The Analyze API “fallback” argument

Related: When to use the Analyze API versus individual Automatic APIs

As of October 2015, the Analyze API offers a fallback argument. When and why would you want to use fallback?

The Analyze API, by design, acts as a content filter: it serves to identify web pages and extract the content only from those that are supported by Diffbot Automatic APIs. For instance, an article page will be routed-to and automatically extracted by the Article API, and an individual product page will be routed-to and automatically extracted by the Product API.

However:

  • a product-listing page…
  • a blog or e-commerce or corporate home page…
  • a full-screen Flash-based recreation of the original Doom

…all of these pages will be simply identified as type:other by the Analyze API. These pages are not supported by an Automatic API, and their contents will not be extracted.

It is in this case that you may want to avail yourself of fallback. By passing a specific API in your fallback argument — e.g. http://api.diffbot.com/v3/analyze?fallback=article — you can force unsupported pages through the API you designate.
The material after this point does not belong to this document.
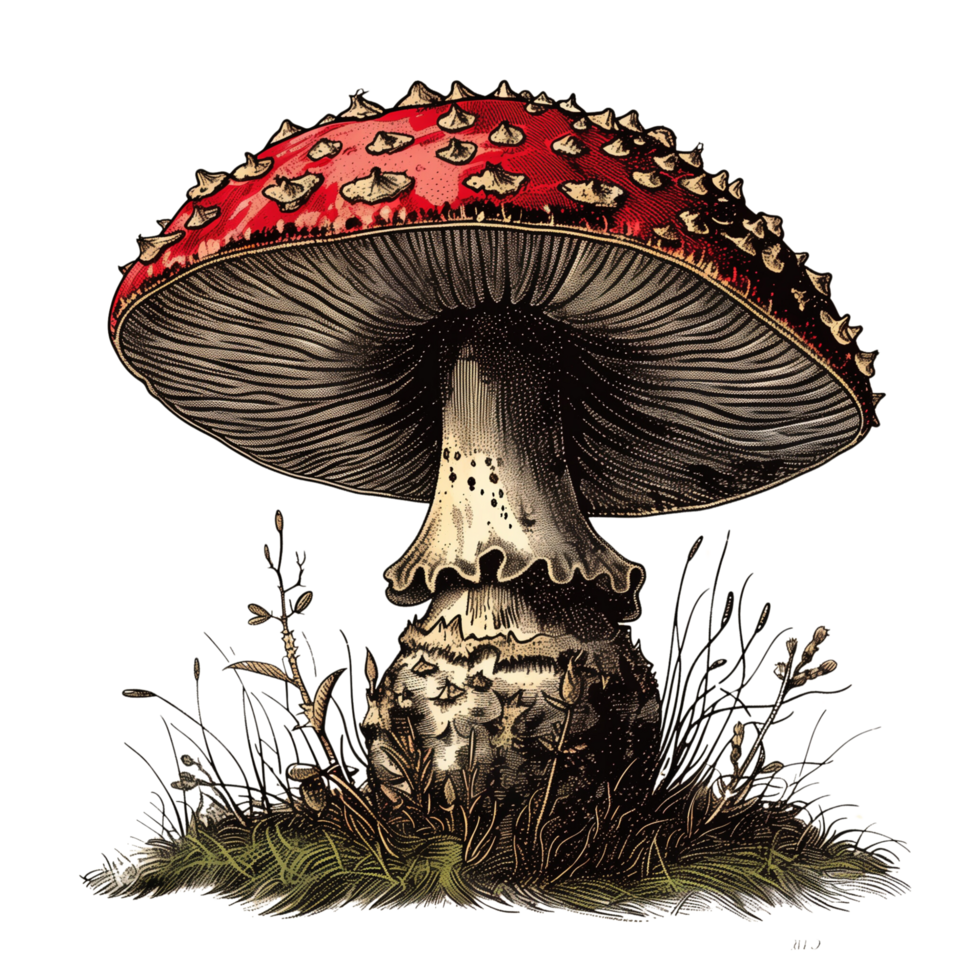 An intricately detailed mushroom image in the color style of old engravings, isolated on a transparent background png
The specified API will then do its best to extract whatever content it can from the otherwise-unsupported web page.

Note that when you utilize fallback, the type of any returned object(s) will match your fallback API. However the field originalType will also be returned in this situation, with a value of “other” — this indicates that the fallback argument has been used. The Analyze API’s top-level type will also maintain its “other” value.

So: if circumstances demand that content should always be extracted from Analyze API requests, passing a fallback value will ensure that your type:other pages return something.